The healing works of Jesus show that He is the one whom the prophets foretold, as Christ Himself tells the unbelieving Pharisees: “If you don’t believe Me, believe the works that I do; then you may know and believe that the Father is in Me and I in Him.” (Jn 10:38).

Christ’s healing works show that to believe in Him – to believe that He “can do this” – is not to believe some religious assertion or theological proposition. It is to receive healing and the life of God. Moreover, to believe that Christ can heal me is to give myself wholly to Christ, and to “pass over” into the ascent of Christ from Hades to Heaven, from death to life in the Lord’s eternal Kingdom of Light.

In Christ, everything in the cosmos opens onto everything else. In the liturgical and sacramental mystery of the Church, earth opens onto heaven, time opens onto eternity, the present opens onto the past and the future, the material opens onto the immaterial, the earthly and mundane opens onto the spiritual glory of heaven. And, the healing of these two blind men and of the mute that we read about in this morning’s Gospel was a historical event in the life of Christ that opens onto the eternal spiritual mystery of our soul.

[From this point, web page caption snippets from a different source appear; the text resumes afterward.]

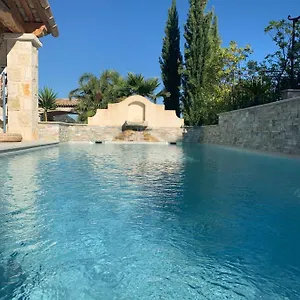 Bed & Breakfast Les 4 Elements, Tourrettes-sur-Loup
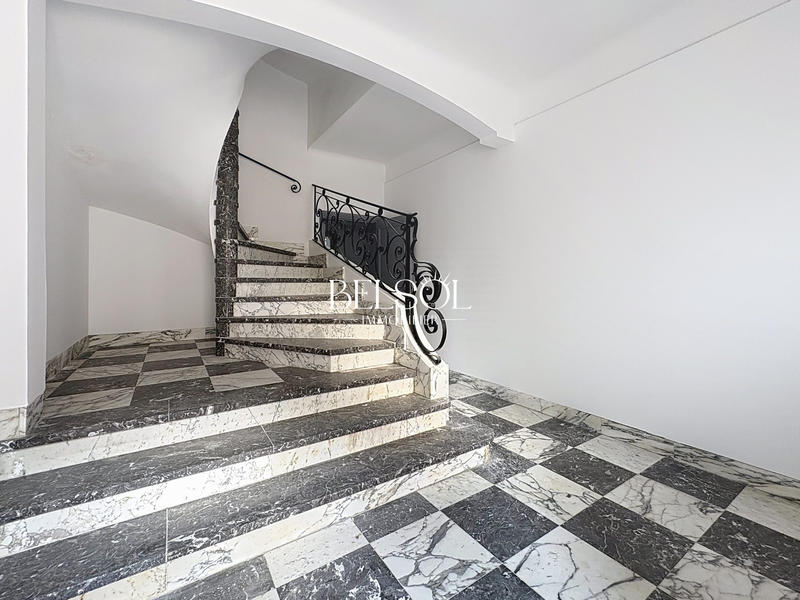 Maison - 186 m² - 4 pièces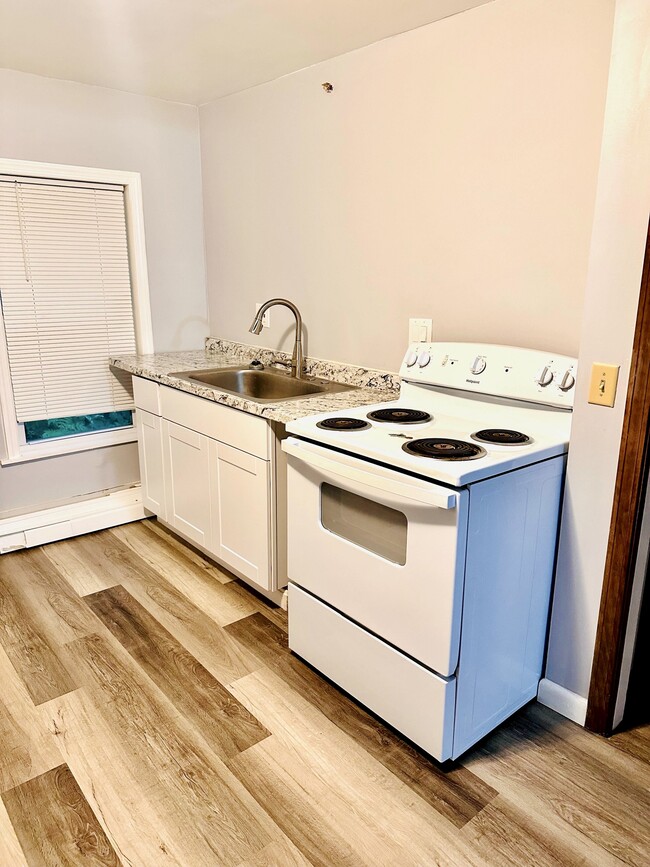 646 Main Rd N, Hampden, ME 04444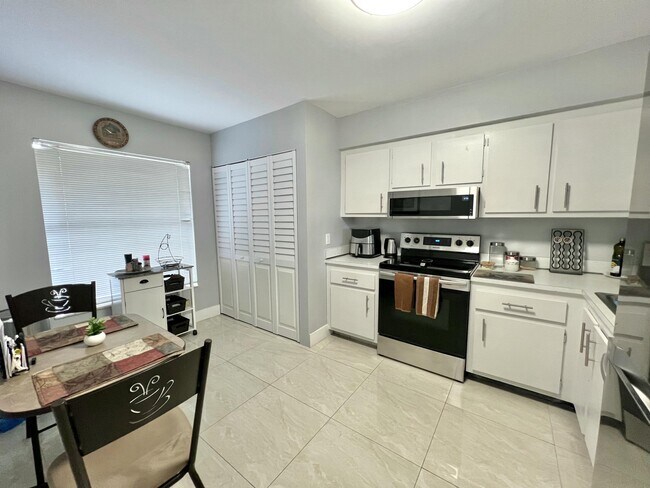 Building Photo - 4570 NW 18th Ave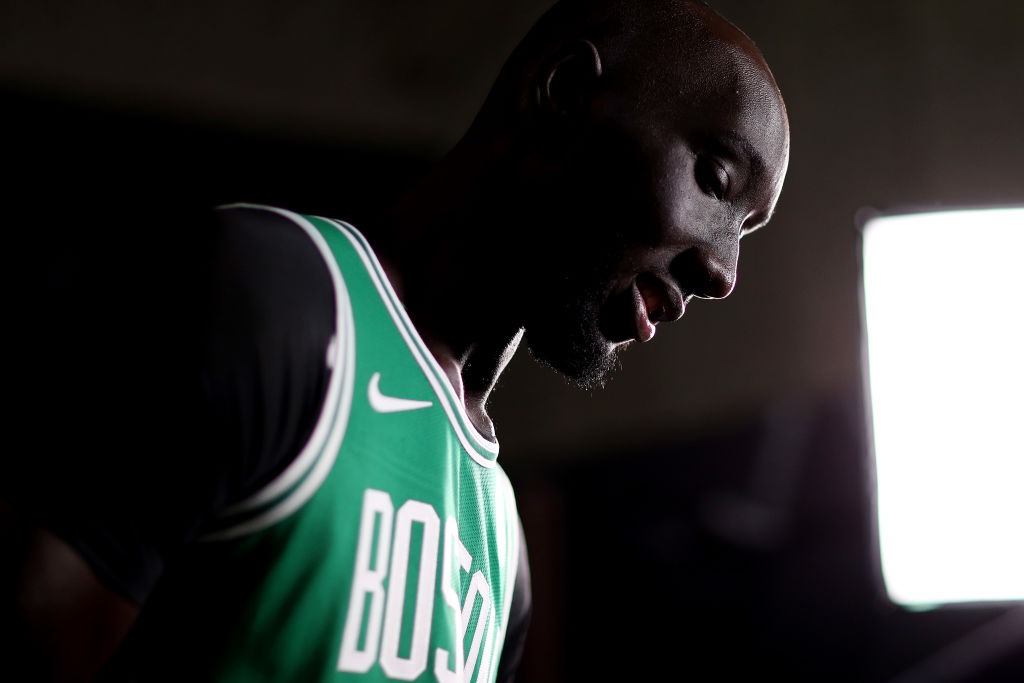 Tacko Fall fue baja en el estreno por golpearse con el techo de unos baños
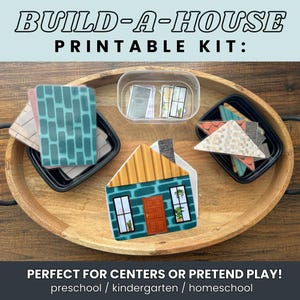Pode incluir: Uma bandeja de madeira exibe um kit de casa imprimível com o texto "BUILD-A-HOUSE PRINTABLE KIT:". O kit contém elementos da casa, como paredes, telhados, portas e janelas, em diversas cores e padrões. O texto "PERFECT FOR CENTERS OR PRETEND PLAY!" também é visível.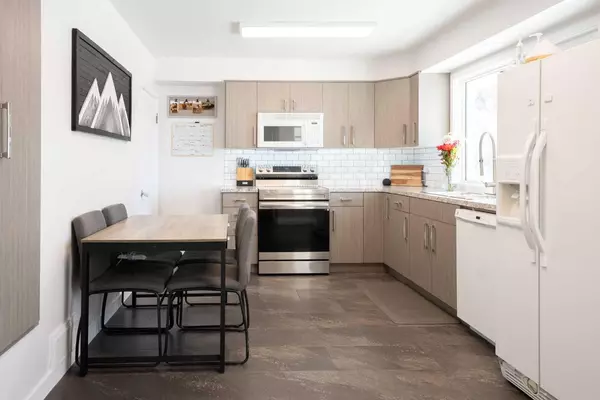 Lethbridge, AB T1H 0K1,1405 3a AVE N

As St Paul writes, before we were united to Christ in Holy Baptism, we were dead in our sins and trespasses. That is to say, our soul was dead. The eye of the soul is the lamp of the body, but it saw nothing because our soul was dead. In our soul, we were blind to the spiritual mystery of God because the treasure of our heart was not in God and His Christ but in the lust of the eyes, the lust of the flesh, the pride of life, all the things of the world that are passing away. Separated from God by our love for the things of the world, we lived and walked in a heart that was a tomb, where our dead soul was buried, spiritually blind. And so, our lips could not speak. We could not sing the praises of thanksgiving to God; for, the eye of our soul seeing nothing of the things of God, we had nothing to speak of. In every way, we were a spiritual corpse, having spiritual eyes that see not, spiritual ears that hear not, and lips that could speak nothing of the Spirit.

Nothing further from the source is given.